◆ **Description of the task**
Everything in the data should be repeated exactly, save for the images.

◆ **Supplied material**
------------------------------------------------------------
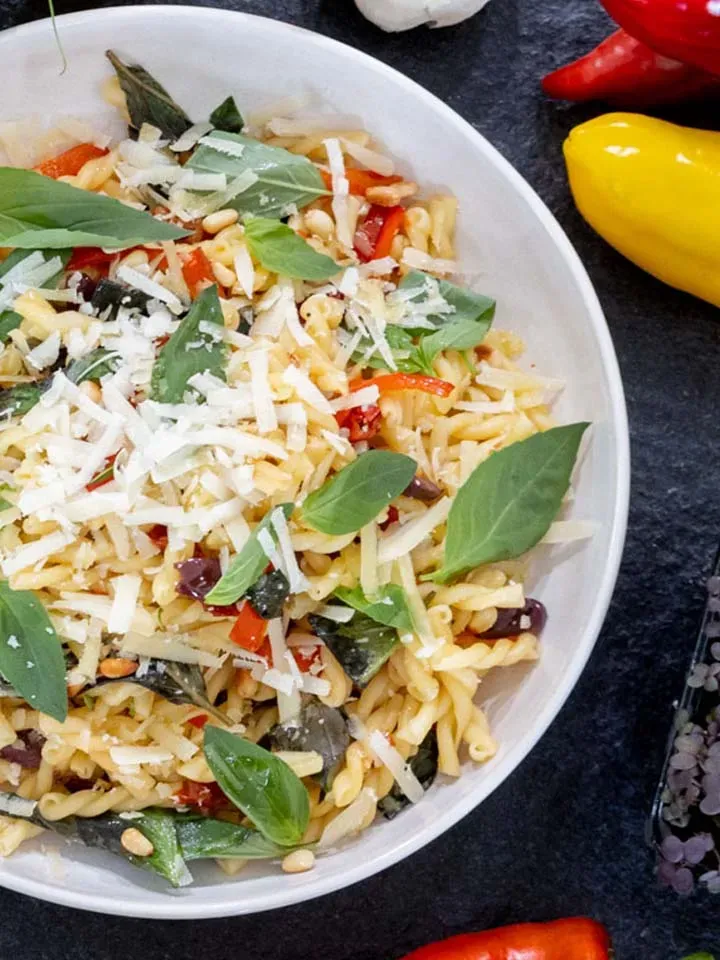 Nudeln Arrabbiata mit Basilikum, geriebenem Käse und Gemüse in einer Schüssel auf dunklem Untergrund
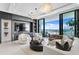 Spacious living room with stunning water views, fireplace, and comfy seating at 301 1St S St # 1002, St Petersburg, FL 33701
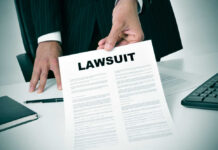 Businessman holding a lawsuit document in an office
------------------------------------------------------------
◆ **Your solution**
 Nudeln Arrabbiata mit Basilikum, geriebenem Käse und Gemüse in einer Schüssel auf dunklem Untergrund
 Spacious living room with stunning water views, fireplace, and comfy seating at 301 1St S St # 1002, St Petersburg, FL 33701
 Businessman holding a lawsuit document in an office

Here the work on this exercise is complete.